Following the success of UCC (Uniform Commercial Code) as a uniform set of state laws dealing with commercial transactions (sales of goods and secured transactions), NCCUSL (National Conference of Commissioners on Uniform State Laws) has drafted, proposed and finalized UCITA (Uniform Computer Information Transactions Act). UCITA is a "code" for computer information transactions. This code, however, has no use for a compiler and does not come with a debugger. It is a commercial contract code, or "Uniform Law," that provides direction and resolves disputes in computer information transactions (see http://www.law.upenn.edu/bll/ulc/ucita/ucita1200.pdf). These transactions include the shrink-wrap (mass-market) licenses we've been accepting for years with a click of the mouse as well as any "agreements that deal with the creation, modification, access to, license or distribution of computer information" (see Section 102(11) of the act).

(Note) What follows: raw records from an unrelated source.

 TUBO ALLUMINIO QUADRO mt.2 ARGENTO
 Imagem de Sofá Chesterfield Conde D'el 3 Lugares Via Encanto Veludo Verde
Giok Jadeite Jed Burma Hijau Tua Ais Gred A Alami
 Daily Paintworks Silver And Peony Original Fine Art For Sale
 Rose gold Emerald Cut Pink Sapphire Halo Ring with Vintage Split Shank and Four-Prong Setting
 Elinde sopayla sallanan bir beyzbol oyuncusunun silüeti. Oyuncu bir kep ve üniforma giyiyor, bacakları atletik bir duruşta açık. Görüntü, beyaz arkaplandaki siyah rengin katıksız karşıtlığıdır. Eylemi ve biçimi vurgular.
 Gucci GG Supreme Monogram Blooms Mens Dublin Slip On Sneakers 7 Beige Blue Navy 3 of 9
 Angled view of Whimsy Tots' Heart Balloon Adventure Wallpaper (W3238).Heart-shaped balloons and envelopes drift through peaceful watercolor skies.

UCITA deals with a variety of transactions pertinent to computer information. It applies not to information, per se, but to transactions, contracts and agreements in computer information. Under UCITA, computer information is any information processed or obtained from a computer, including any associated copy, documentation or packaging. Computer information transactions include, but are not limited to, agreements that:
- Create, develop or modify software and other computer information, such as a computer database
- Distribute or grant a right to use a computer program
- Provide access to or use of computer information on remote systems, including contracts where data, text or images are provided to users
- Create or distribute multimedia works that combine multiple forms of authorship and multiple types of information
- Engage data processing or data analysis of computer information
UCITA was drafted over a 10-year period. This "beta" period allowed software developers, computer manufacturers, entertainers, publishers, financiers, insurers, attorneys, librarians and consumers to comment on its content. In 1999, NCCUSL approved UCITA and recommended the act for adoption by the various states. This "gold" version has been adopted by Maryland and Virginia and is under consideration in Arizona, the District of Columbia and New Jersey. (See http://www.cpsr.org/program/UCITA/UCITA_update.html for legislative updates in the various states.)

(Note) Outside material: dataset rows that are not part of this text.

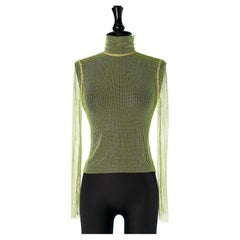 Mesh top with yellow neon rhinestone CHRISTIAN DIOR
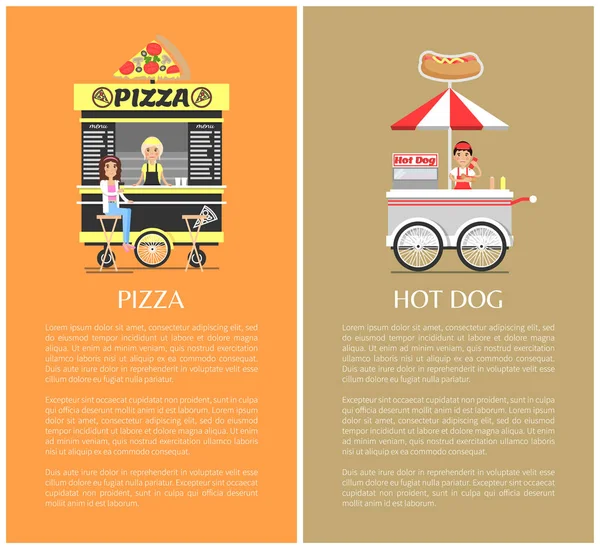 Pizza y Hot Dog tiendas móviles Vector Ilustración — Vector de stock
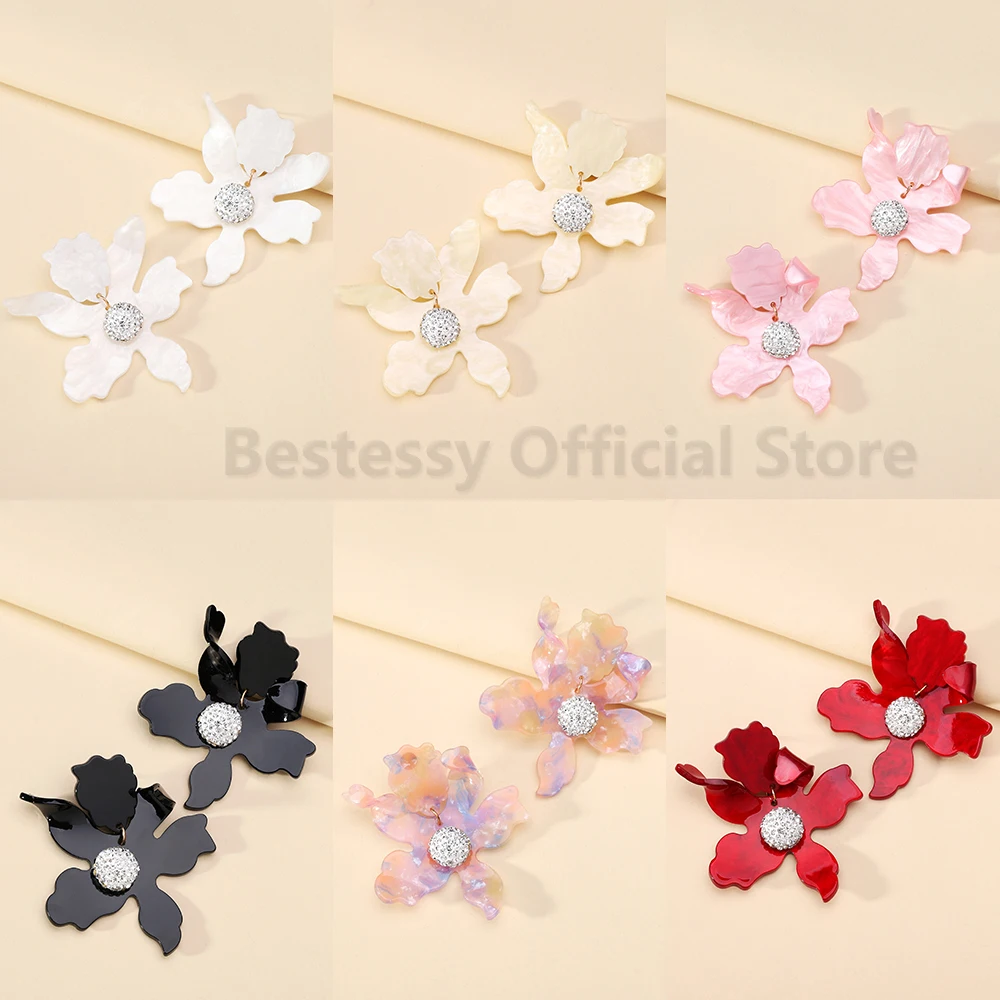 Cute Romantic Flower Petal Decor Drop Earrings For Women Korean Fashion Summer Party Beach Statement Jewelry Exaggerated Pendant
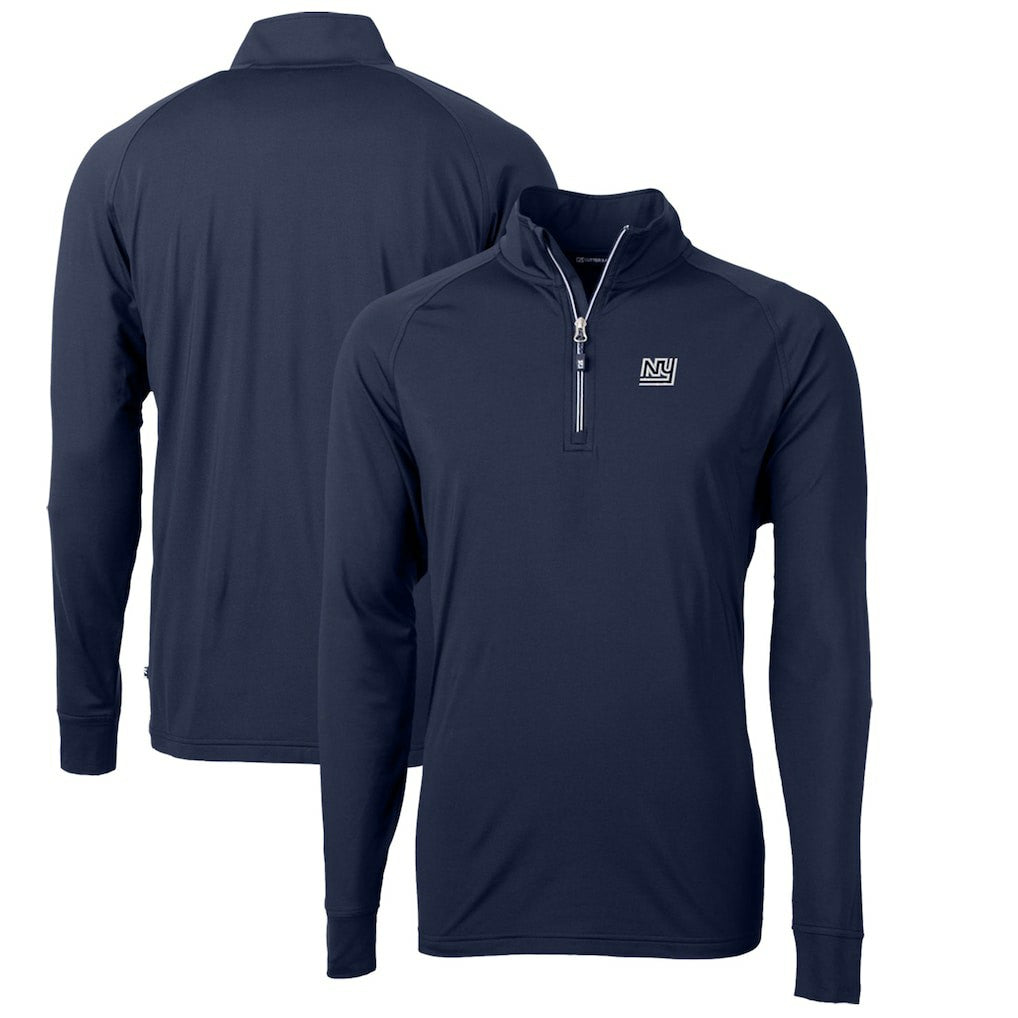 New York Giants Cutter & Buck Adapt Eco Knit Stretch Recycled Quarter-Zip Throwback Pullover Top Navy | NFL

Under UCITA, information transactions are "licenses" and not "sales" of copies under copyright law. UCITA also enforces the use of mass-market licenses, allowing a licensor or vendor more control in distributing products and computer information. More control in the distribution channel is perceived as less control in the acquisition of computer information, which affects free speech, education, scientific research, and intellectual and cultural exchange.
Who's Good, Who's Bad and What's Ugly
A superficial look at the proponents and opponents of UCITA shows big business to be an advocate and those who want information to be free in opposition. Who's good, who's bad and what's ugly requires a more in-depth investigation of the act.

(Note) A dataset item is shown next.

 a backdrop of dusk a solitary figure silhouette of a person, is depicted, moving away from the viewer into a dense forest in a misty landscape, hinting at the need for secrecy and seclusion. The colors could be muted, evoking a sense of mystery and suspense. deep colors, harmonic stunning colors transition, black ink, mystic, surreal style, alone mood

As many of us know, licensing information is standard practice in today's information industry. Vendors license their computer information products to users. Hence, UCITA does not radically change current business practices. Proponents are quick to point out that UCITA provides basic, recognizable default rules for licensing computer information and makes no changes to existing intellectual property laws of copyright, patent and trademarks. UCITA was drafted in response to existing economic activity and finds its basis in the practices of today's computer information industry.
Flipping the coin, however, we can see that the scope of UCITA is broad. "Transactions in information" affect more than just software companies and IT venture capitalists: UCITA will affect the music industry, public and private information providers--including libraries, data processing centers, publishers, online database providers, XSPs (ASP, ISP, MSP and so on), and consumers alike. Under UCITA, "computer information" can include content already protected under copyright, such as stories, computer programs, images, music and Web pages. It can also encompass other traditional forms of intellectual property, such as patents, trade secrets and trademarks, as well as digital creations such as online databases, content delivery systems using streaming media and even interactive games played on the Internet. ALI (American Law Institute), consumer advocacy groups and libraries have criticized and opposed UCITA for shifting power from consumers to vendors while undermining copyright law and privileges with a click of a mouse.
Many legal commentators opine that UCITA is not necessary where existing common law and copyright law are developing to protect new types of information-based transactions emerging in the Information Economy. For example, most states are finding "click-on" and "shrink-wrap" licenses acceptable where provisions are not unconscionable and do not undermine public policy. In addition, copyright law continues to adapt in the Digital Millennium Copyright Act.
While the dust has not settled yet, UCITA's gold version is likely to make an appearance at a legislature near you. Whether or not UCITA prevails, the days of consumers interpreting their own rights and remedies under computer information transactions may be numbered. Future online columns will explore UCITA's scope and analyze its effects on the IT industry.